No primeiro trimestre de 2026, bancos e instituições financeiras encerraram 323 contas suspeitas de operar ou servir de ponte para casas de apostas clandestinas.
Não se trata de um episódio isolado.
O padrão identificado — milhares de transações via Pix em poucos minutos, uso de contas de terceiros e empresas de fachada para movimentar dinheiro de apostadores — evidencia que uma parcela relevante desse mercado continua funcionando à margem da lei.
Mesmo entre as empresas autorizadas, o impacto social é devastador.
Estudo do Comsefaz, revelado pela FOLHA, estima que as famílias brasileiras perderam R$ 62,5 bilhões líquidos para as bets em 2025.
É dinheiro que deixou de pagar alimentação, aluguel, educação, saúde ou pequenos investimentos para reforçar o caixa de plataformas que lucram com as perdas dos apostadores.
O volume movimentado impressiona ainda mais: cerca de R$ 351 bilhões em transferências via Pix em apenas um ano.
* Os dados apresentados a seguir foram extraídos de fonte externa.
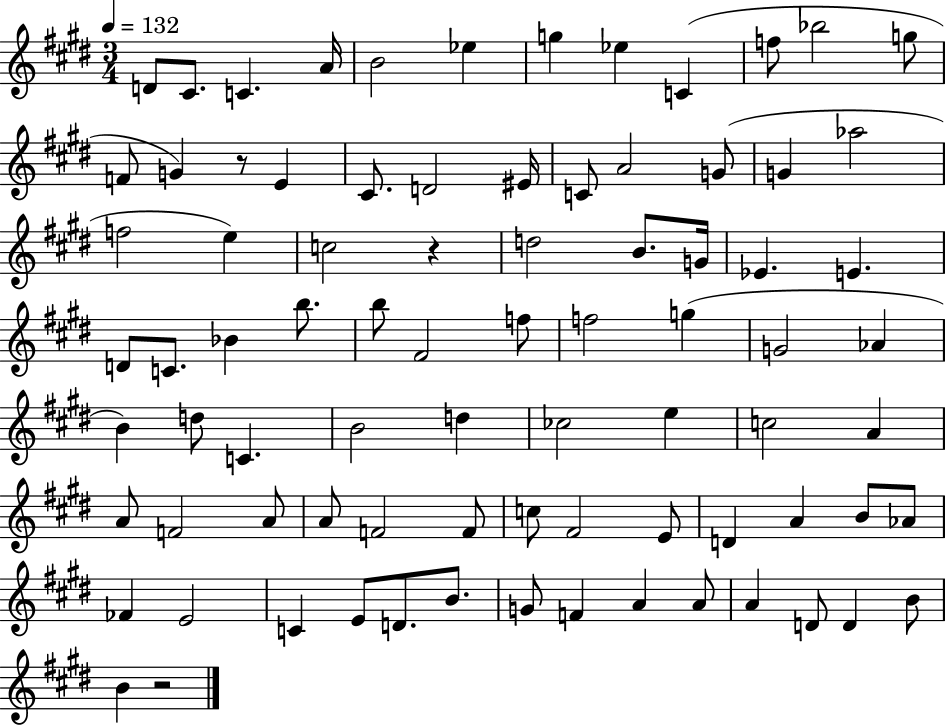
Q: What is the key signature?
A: E major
Trata-se de uma verdadeira indústria de captura de renda, capaz de retirar recursos da economia produtiva sem gerar riqueza equivalente.
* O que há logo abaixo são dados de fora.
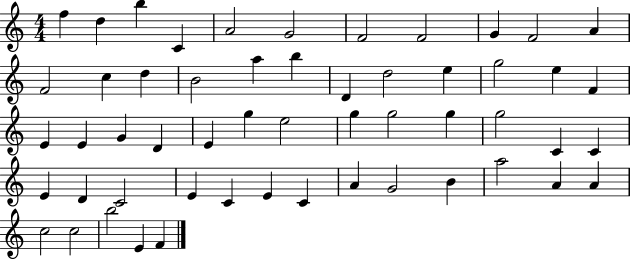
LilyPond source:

O dinheiro simplesmente muda de mãos, concentrando-se em empresas em que o modelo de negócios se sustenta na expectativa estatisticamente falsa de enriquecimento rápido.
Mais grave é constatar que a restrição às apostas por beneficiários do Bolsa Família provocou redução perceptível nas transações.
O dado indica que justamente as famílias mais vulneráveis estavam entre as principais financiadoras desse mercado.
É a confirmação de que as bets encontraram terreno fértil onde a esperança supera a racionalidade econômica.
A regulamentação, vendida como solução, mostrou-se insuficiente.
Enquanto parte do mercado opera legalmente, outra continua funcionando por meio de estruturas clandestinas, utilizando contas bancárias de terceiros e empresas com atividades fictícias.
A facilidade com que esses esquemas prosperam demonstra que a fiscalização ainda corre atrás do prejuízo.
As bets tornaram-se um mecanismo de transferência de renda das famílias para operadores privados, frequentemente acompanhado por endividamento, problemas de saúde mental, desestruturação familiar e crescimento da criminalidade econômica.
Nenhuma sociedade séria deveria comemorar o crescimento de um setor em que a matéria-prima é o prejuízo financeiro de sua própria população.